En Bourgogne, Denis Montagnon, directeur de Bourgogne Viti Service, estime que seuls 10 à 15 % des vignerons continuent à utiliser Pledge. Pour autant, cet herbicide reste indispensable. « Même si le travail du sol s’est énormément démocratisé ces dix dernières années, certains n’ont pas d’autres choix que de conserver les herbicides, soit pour des raisons économiques : un désherbage chimique sous le rang équivaut au moins à trois passages d’interceps, soit pour des raisons techniques car dans certaines parcelles en très forte pente, ou en dévers, la mécanisation est inenvisageable », détaille-t-il.

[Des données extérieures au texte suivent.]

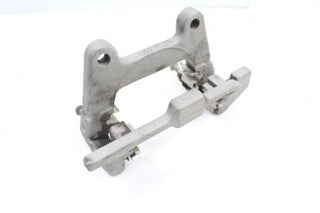 Mounting Bracket 4F0 615 425, VAG, 4F0 615 425 A, D, AUDI (062753)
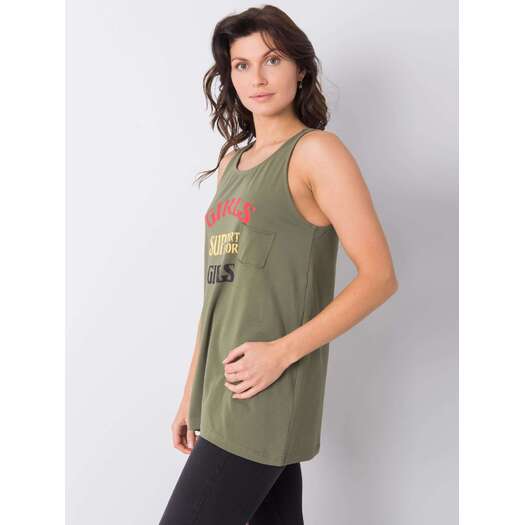 Top-FA-TP-6871.78P-khaki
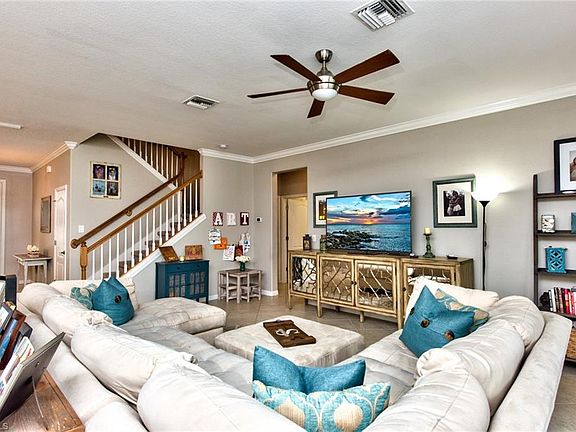 4th image of 13570 San Georgio Dr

C’est justement ce qui inquiète un vigneron champenois à la tête de 9 hectares. Cela fait maintenant une quinzaine d’années qu’il a intégré Pledge à son programme de désherbage en complément du glyphosate pour nettoyer sous le rang. « Le désherbage mécanique avec un interceps, on connaît, dit-il. On le pratique déjà sur les parcelles voisines des habitations ; on est équipé pour cela d’un chenillard avec des interceps Braun. Mais l’étendre à l’ensemble du domaine c’est une autre histoire. Les printemps où il pleut, on ne rentre pas toujours dans les parcelles au moment voulu. Et on cultive 1ha20 dans des pentes à 40 % qui sont difficilement mécanisable. Si Pledge venait réellement à disparaître, comme herbicide de prélevée, il resterait le Katana, mais il est moins efficace sur certaines dicotylédones et graminée communes chez nous. On risque de se trouver avec des adventices résistantes et des problèmes de chloroses les années pluvieuses, à cause du flazasulfuron. Dans ce cas, je ne sais pas comment on va s’en sortir ».

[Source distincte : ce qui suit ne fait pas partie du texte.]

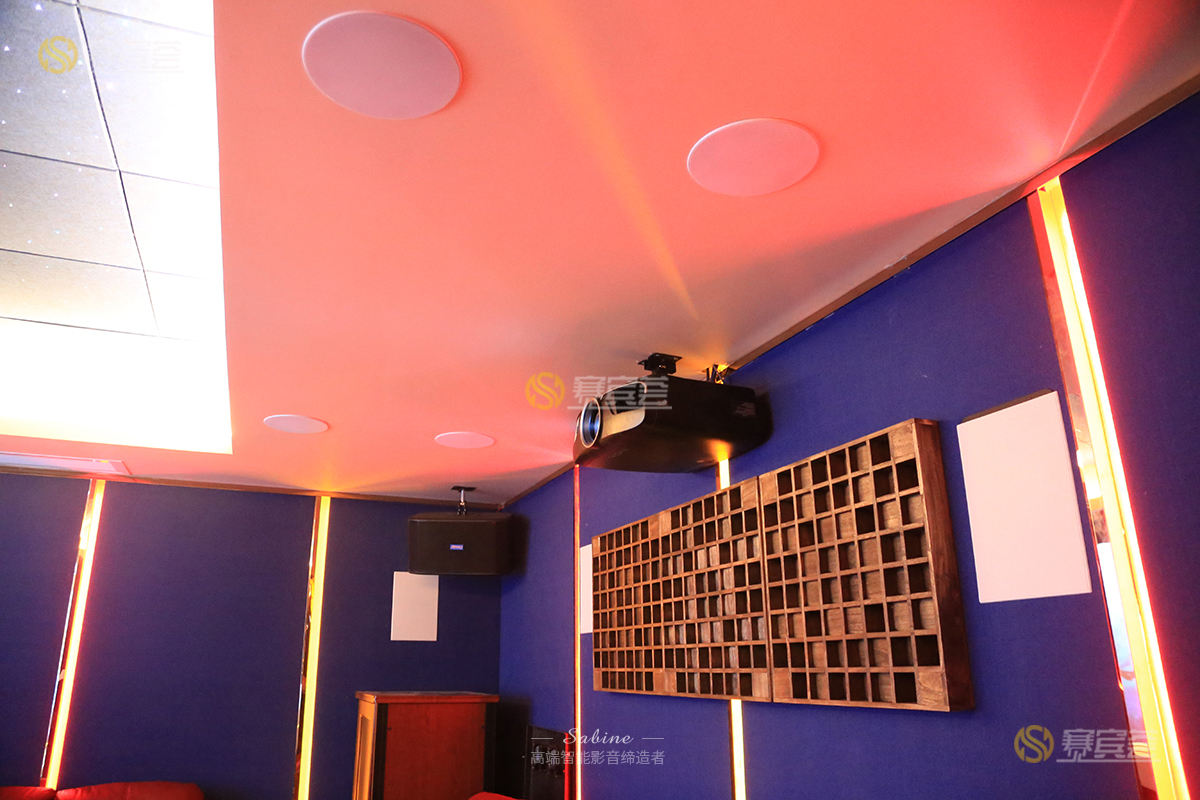 1621576079165835.jpg IMG_1949.jpg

Le travail du sol comme solution alternative au Pledge, Eric Percher, n’ose même pas l’envisager. « Parce que cela signifierait s’asseoir sur le bilan carbone, exploser les dépenses de GNR, accentuer les problèmes de main-d’œuvre et devenir dépendant de la pluviométrie. Quand on voit les cumuls de pluies que l’on a eu en 2024 et la météo très humide de ce début d’année, croire que l’on va pouvoir travailler les sols au bon moment au printemps est une hérésie. Les sols gorgés d’eau sont impraticables. L’alternative au Pledge doit être économiquement et techniquement viable. Sans quoi, avec la crise économique que nous traversons, nous fonçons droit dans le mur », assure-t-il.
Xavier Besson voit poindre une alternative. « Ascenza doit commercialiser d’ici fin 2025 un nouvel herbicide à base de flazasulfuron et d’iodosulfuron, une nouvelle molécule. Cela va permettre d’élargir le spectre d’action par rapport au Katana, mais restera insuffisant pour maîtriser érigérons, épilobes et séneçons ». L’interdiction du Pledge est bien une mauvaise nouvelle pour de nombreux vignerons.

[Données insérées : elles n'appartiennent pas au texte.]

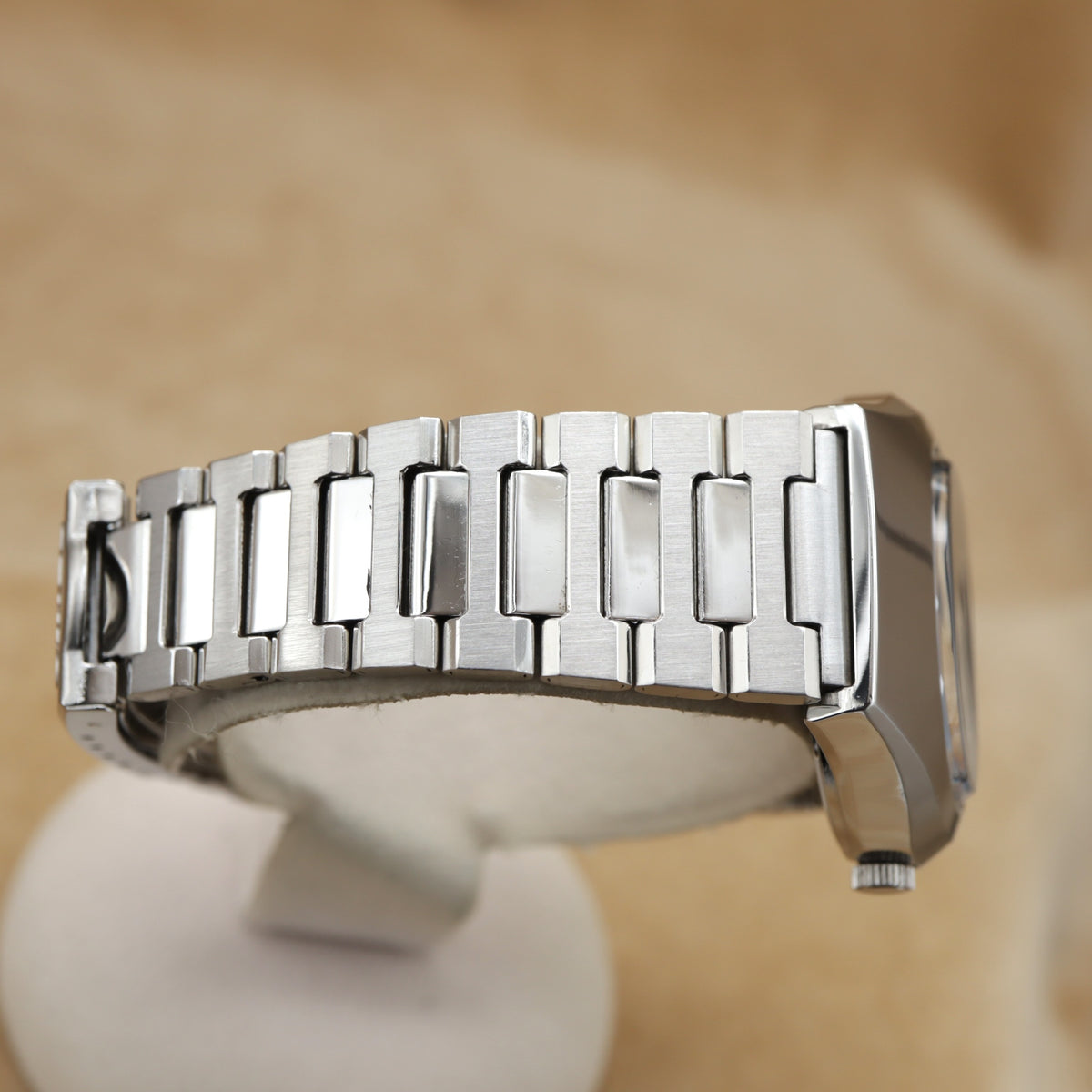 SEIKO LORD MATIC Cut Glass 5606-5170 <1974年>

Les distributeurs ont jusqu’au mois de juin pour écouler leurs stocks de Pledge/Rami, et les vignerons jusque juin 2026 pour utiliser ce produit. Josquin Lernould, responsable marché agronomie chez Acolyance Vigne en Champagne, a déjà pu se couvrir pour la campagne à venir. « Nos clients sont assurés d’avoir du Pledge pour désherber début mars. Mais pour 2026, rien n’est moins sûr. Nos commandes sont encore en attente de validation chez le fournisseur ». De son côté, Philagro affirme être en train d’évaluer les volumes qu’elle pourrait fournir au marché d’ici la fin juin. En 2024, les utilisations du Pledge couvraient près de 130 000 hectares, selon les estimations de la firme. Appliqué dans la pratique sous le rang, à la dose de 500g/ha, il est le deuxième herbicide de pré-levée le plus vendu en France, non loin derrière le flazasulfuron.